Complete-case analysis

If the probability of being missing is the same for all cases and the mechanism is unrelated to the data (MCAR), we will not introduce any bias in our dataset, and it will only be a loss of information and reduced statistical power. In this case, a complete-case analysis (listwise deletion) will give unbiased estimates, but standard errors and confidence intervals will reflect the smaller subset of data with complete records. Listwise deletion means that an entire record is deleted from an analysis if it is missing a single value. However, this may be a wasteful approach and can severely reduce the statistical power if the percentage of incomplete records is high.

If there is more missing data within groups defined by the observed data (MAR), a complete-case analysis may lead to bias. In particular, if the missing data affects the predictors or variables related to the outcome of the study, listwise deletion may lead to critical biases. For example, if men in general are less likely to show up at follow-ups, and men also happen to be more severely affected by the disease being studied, simply excluding incomplete records from the analysis may bias the results in favor of women that as a group have less severe disease.

Imputation methods

There are different techniques to retain records with missing data in the analysis.

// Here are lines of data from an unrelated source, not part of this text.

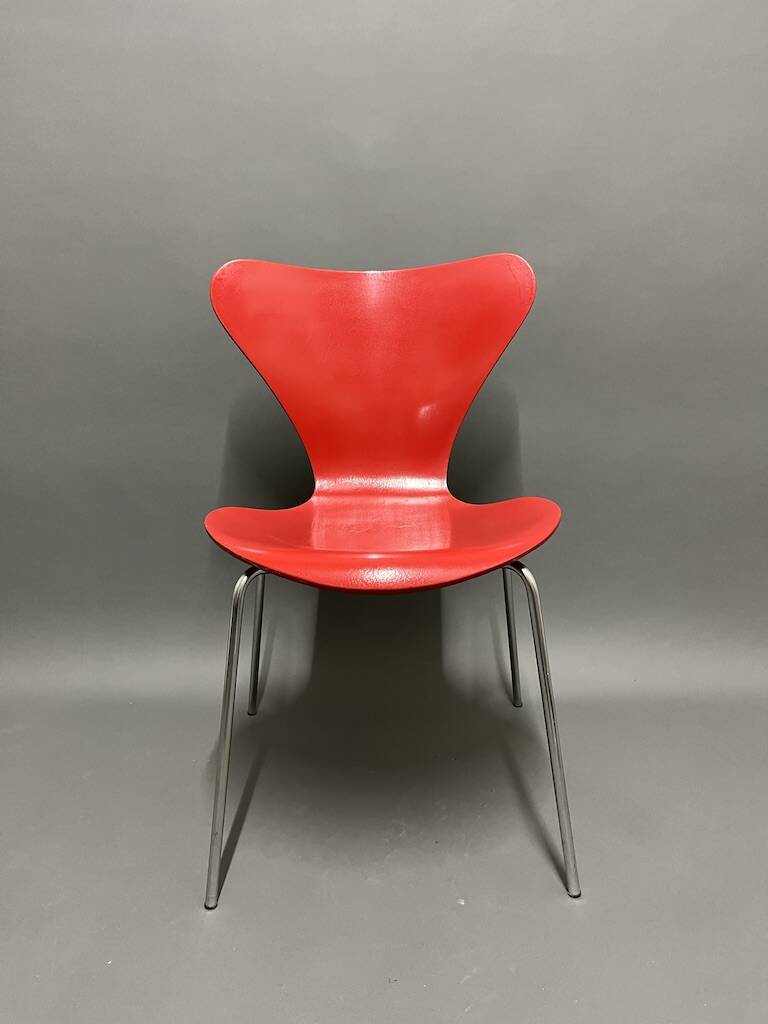 Chair by arne jacobsen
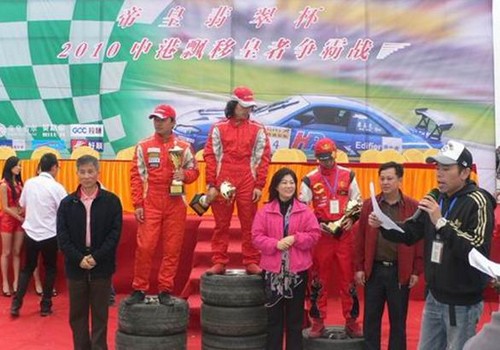 惠州市僑聯(lián)主席葉創(chuàng)為獲得前三名選手頒獎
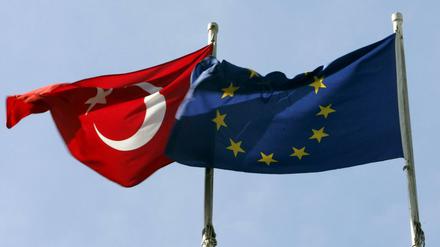 Die Türkei und die EU streiten um den Flüchtlingspakt und die Visafreiheit 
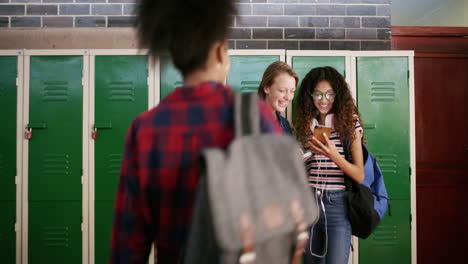 los días de secundaria son días felices.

For MCAR and MAR, multiple imputation and maximum likelihood methods can produce unbiased estimates without losing statistical power. Imputation methods replace missing observations with values that are predicted in some manner, often from a model. In single imputation, the missing observation may be replaced with the sample mean or median, with a predicted value of the variable (e.g., from a regression model, bootstrap, or a random dataset from multiple imputation), or with the value from a study patient who matches the patient with the missing data on a set of selected covariates. Another common form of single imputation is carry-forward in longitudinal data: if a patient has an observed lab value at time one, and is missing that lab value at time two, it is assumed that the value at time two is equal to the value at time one: the time one value is carried forward. In regression imputation, the missing value is estimated using the regression of the target variable on all other variables or a subset of all other variables.

One of the problems with the single imputation methods is that the replaced observations are treated as actual observations in subsequent analysis. However, the filled-in values are estimates, which have standard errors. Multiple imputations can be used to take the uncertainty about the estimates into account.

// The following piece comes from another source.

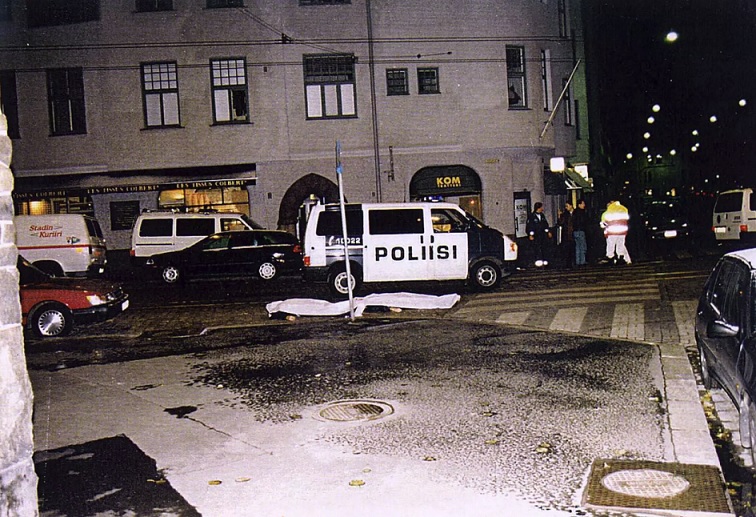 Eero Holsti ja Antero Palo pysäköivät autonsa Kapteeninkadun ja Tehtaankadun kulmaan. (KUVA: POLIISI)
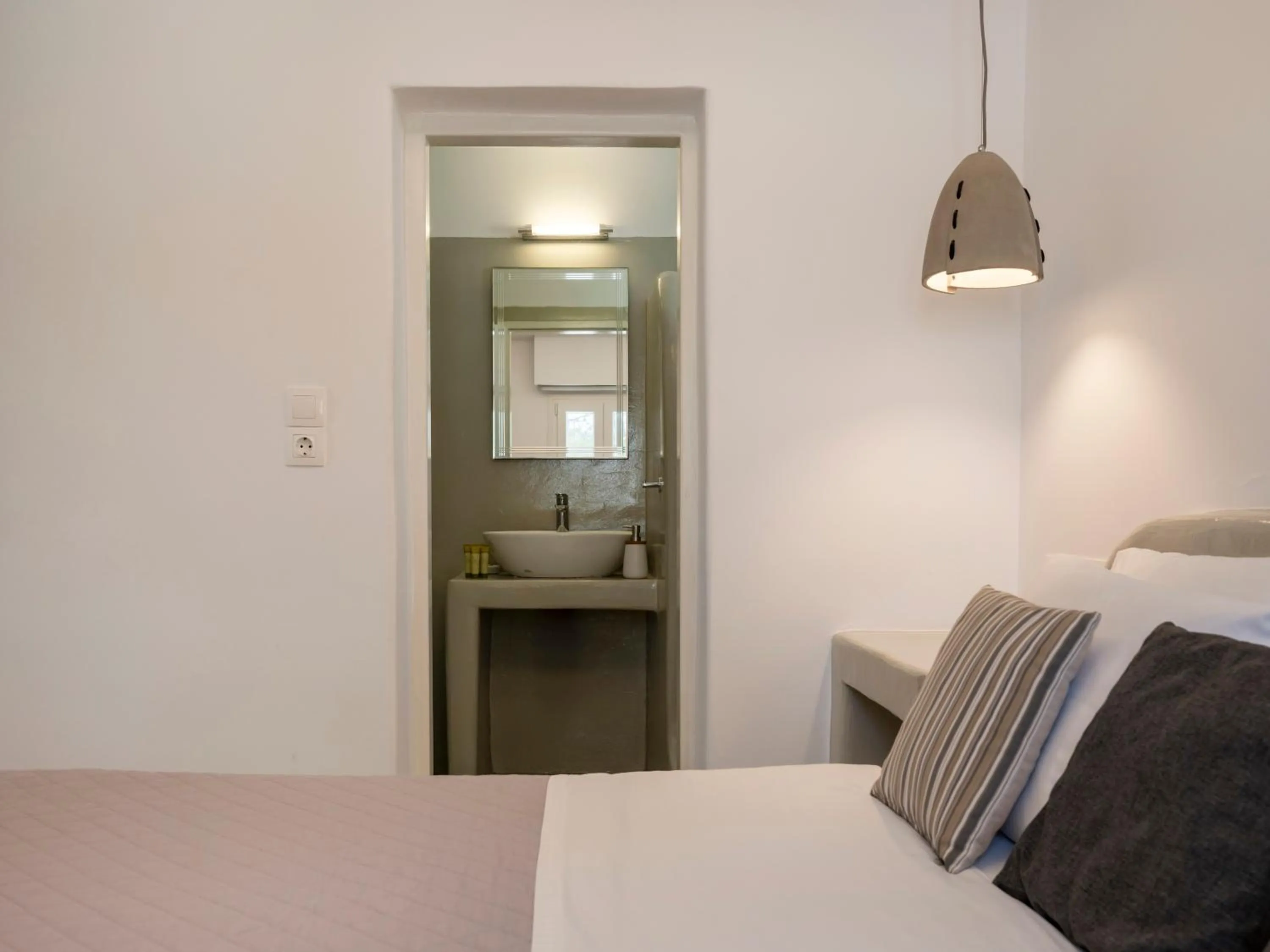 Bed in KrotiriBay adults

In multiple imputation, multiple data sets are produced with different values imputed for each missing variable per data set, thus reflecting the uncertainty around the true values of the missing variables. The imputed data sets are then analysed using standard procedures for complete data and combining the results from these analyses. If data are MAR, multiple imputation will generally produce unbiased results if the model includes the correct set of covariates. However, In the presence of MNAR data, multiple imputation in general cannot fully correct any bias due to missing data.

Maximum likelihood methods

Maximum likelihood estimation (MLE) is an analytic maximization procedure which provides the values of the model parameters that maximize the sample likelihood, i.e., the values that make the observed data “most probable”. This method does not impute any data, but rather uses the available data from each record to compute maximum likelihood estimates. The maximum likelihood estimate of a parameter is the value of the parameter that is most likely to have resulted in the observed data. Like multiple imputation, this method gives unbiased parameter estimates and standard errors for MCAR and MAR.